As such, the Mazda BT-50 Thunder 2021 model scores a number of hardcore off-road accessories - putting it more on par with the Toyota HiLux Rugged X than the likes of the Ford Ranger Wildtrak and Isuzu D-Max X-Terrain, despite being close to all of those utes on price.

The Thunder gets 18-inch black alloy wheels, a single-hoop steel bullbar, Lightforce dual-row LED lightbar, fender flares, side steps, a rear sports bar and electric rolling tonneau cover, as well as Thunder decals.

Because the Thunder grade is based on the GT, it still has the same Isuzu-sourced 3.0-litre turbo-diesel four-cylinder engine producing 140kW of power and 450Nm of torque. Thunder models are 4x4 only, but you can have it in a choice of six-speed manual (official fuel use: 7.7L/100km) or six-speed automatic (official fuel use: 8.0L/100km).

The Mazda BT-50 Thunder scores a number of hardcore off-road accessories. The Mazda BT-50 Thunder scores a number of hardcore off-road accessories.

As with GT variants, Thunder models have brown leather interior trim, electric driver’s seat adjustment, heated front seats, folding heated side mirrors, LED headlights, daytime running lights and fog lamps, front and rear parking sensors, and a full suite of active safety technology, including AEB with pedestrian and cyclist detection, lane keeping assist, blind-spot monitoring and rear cross-traffic alert, and front centre airbag protection.

Plus there’s a touchscreen media system with Apple CarPlay and Android Auto, built-in sat nav and an eight-speaker stereo.

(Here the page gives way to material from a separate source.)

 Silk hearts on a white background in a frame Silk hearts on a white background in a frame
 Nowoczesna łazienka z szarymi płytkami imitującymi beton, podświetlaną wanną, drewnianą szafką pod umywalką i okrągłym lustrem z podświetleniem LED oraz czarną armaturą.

According to Mazda, the BT-50 Thunder gains $13,000 worth of additional gear over the GT grade BT-50 it’s based upon. But the price represents a smaller jump than that, with the manual version listing at $65,990 before on-road costs and the automatic at $68,990 - $9000 more than the equivalent GT prices.

Just like the rest of the Mazda Australia range, the BT-50 Thunder is backed by a five-year/unlimited kilometre warranty plan, with servicing intervals set at 12 month/15,000km intervals.